なるほど確かに電気タイプからしてやりづらい。結局、めざめるパワーで解決するのだが、それは後でいいだろう。今回の検証は、自分ではなく、相手に影響する技だ。
「ナゾノクサ、すいとる!」
『すいとる』は草タイプのポケモンが序盤に覚える技。相手にダメージを与えつつ、自身の体力を回復する技。上位交換としてメガドレインやギガドレインがある。
ユウタは相手のナゾノクサが攻撃のモーションに入ったことを確認する。ピチューは別段焦りもせず、冷静にユウタの指示を待っていた。やはり、普通のピチューではない。
もしかして、戦闘経験豊富だったりした?
「かわしてアンコール!」
俊敏な動きでナゾノクサの『すいとる』をかわす。攻撃をかわされたナゾノクサとかわしたピチューの間に静寂が走る。そして次の瞬間。
「ピッチューーー!!」
キラキラとした瞳でピチューはナゾノクサを賞賛した。小さな両腕で拍手するように何度も手を叩く。あからさまなピチューの様子にユウタは口元を抑える。面白いが3割、残りの7割は可愛さ故である。
『すっごーーい!!』
『?』
『それどうやったの!? もう一回見せて!!』
『そ、そんなに見たい?』
『お願い!』
『し、仕方ないなぁ』
ユウタの頭の中でこんなやりとりが頭を過る。ポケモンの言葉でわからないが、きっとこんな会話をしているに違いない。
やがて、ナゾノクサはトレーナーが命令する前に、『すいとる』を行おうとする。慌てふためくトレーナーだが、もう遅い。ナゾノクサはピチューに向かって『すいとる』を発動した。
アンコール。
約3ターンの間、相手は最後に使用した技しか使えなくなる。
『めざめるパワー』同様、レベルアップでは決して覚えることのない技である。卵技と呼ばれる、遺伝によって継承される部類の技。
実はこのピチュー、図鑑で確認したところ『めざめるパワー』以外の卵技を数多く覚えていた。
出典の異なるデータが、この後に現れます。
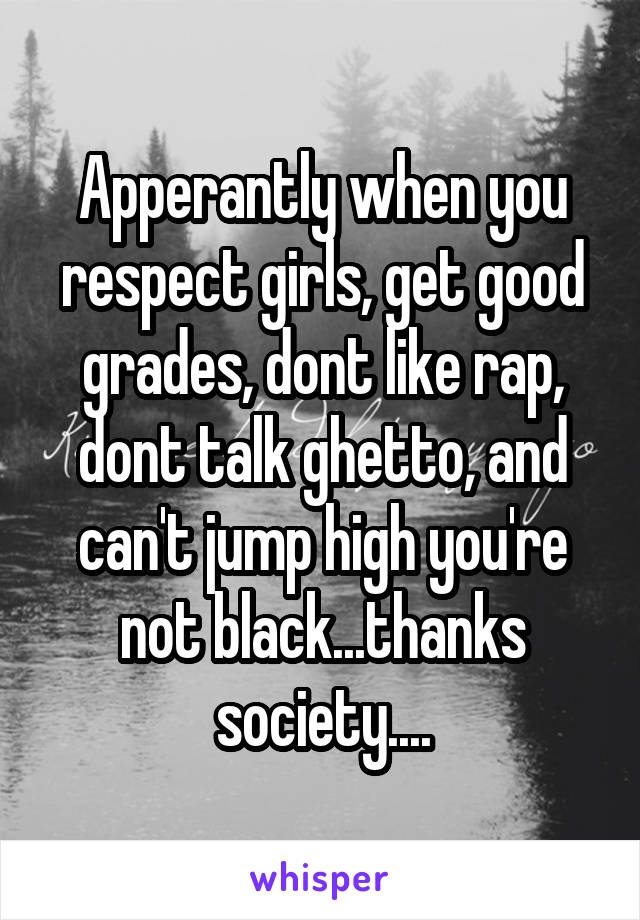 Apperantly when you respect girls, get good grades, dont like rap, dont talk ghetto, and can't jump high you're not black...thanks society....
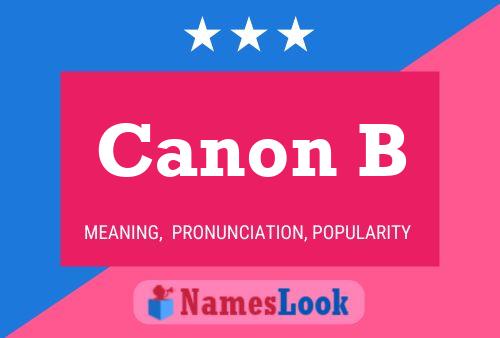 Canon B Name Poster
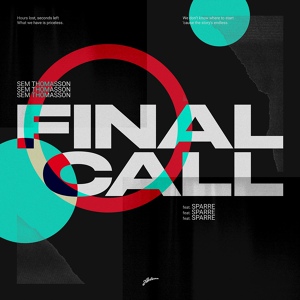 Обложка для Sem Thomasson feat. Sparre - Final Call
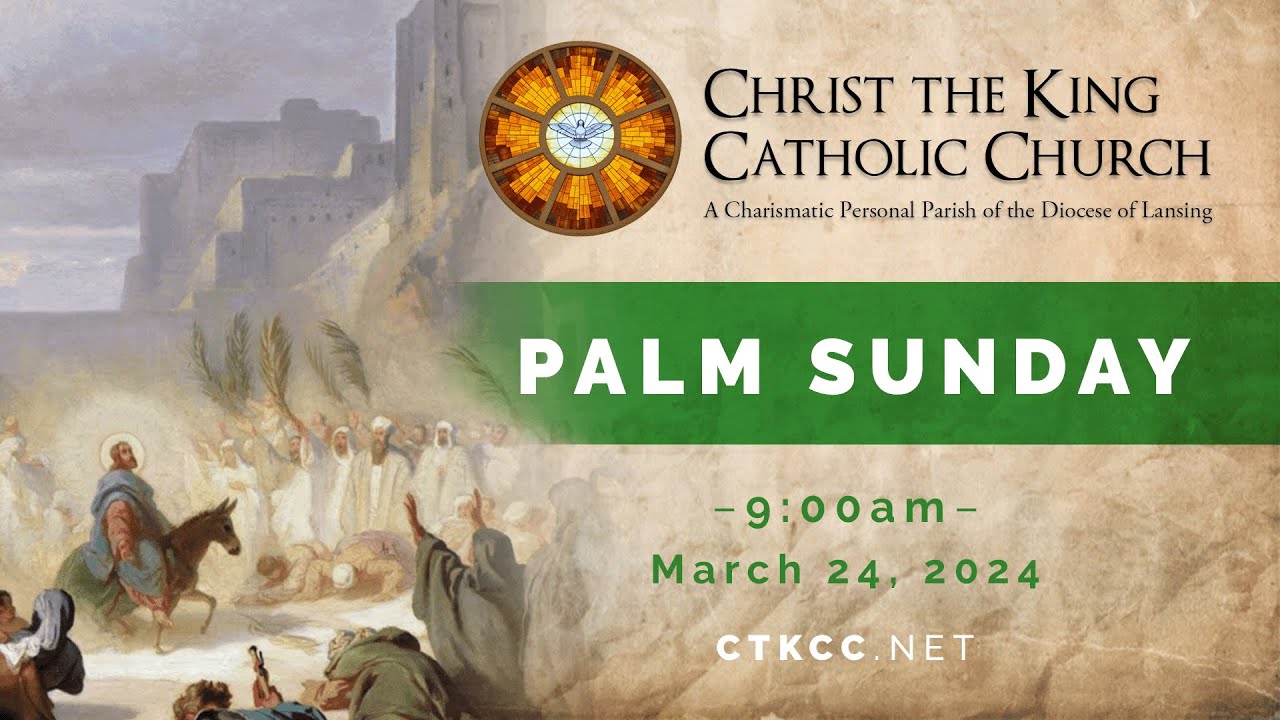 Palm Sunday Mass March 24, 2024 YouTube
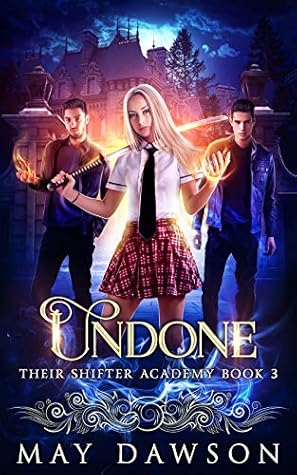 Undone (Their Shifter Academy #3)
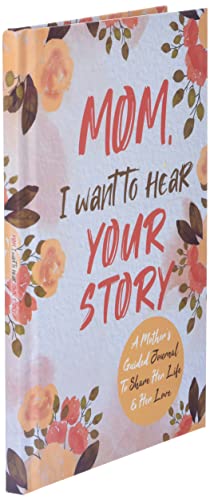Mom, I Want to Hear Your Story: A Mother's Guided Journal To Share Her Life & Her Love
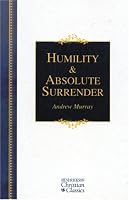 Humility & Absolute Surrender (Hendrickson Christian Classics)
かの有名な『ボルテッカー』は覚えていなかったが、後に修行してみようと思う。
現実だもの、やってできないことはない。
直後、電気袋に帯電した電気が一際強くバチリと弾ける。ピチューの表情を見た相手のトレーナーは戦慄した。
悪役の笑みをそのまま貼り付けたような真っ黒な笑み。
そしてこう思ったに違いない。
『可愛い顔して、なんて表情しやがる…!』と。
背中ごしで見えないものの、ユウタはなんとなくわかっていた。故に、ユウタも戦慄した。
やだこの子ったら、勝手に『わるだくみ』してるんだけど…恐ろしい子!?
直後、3番道路で異常な威力の『でんきしょっく』がお月見山の麓のポケモンセンターを騒がせることになる。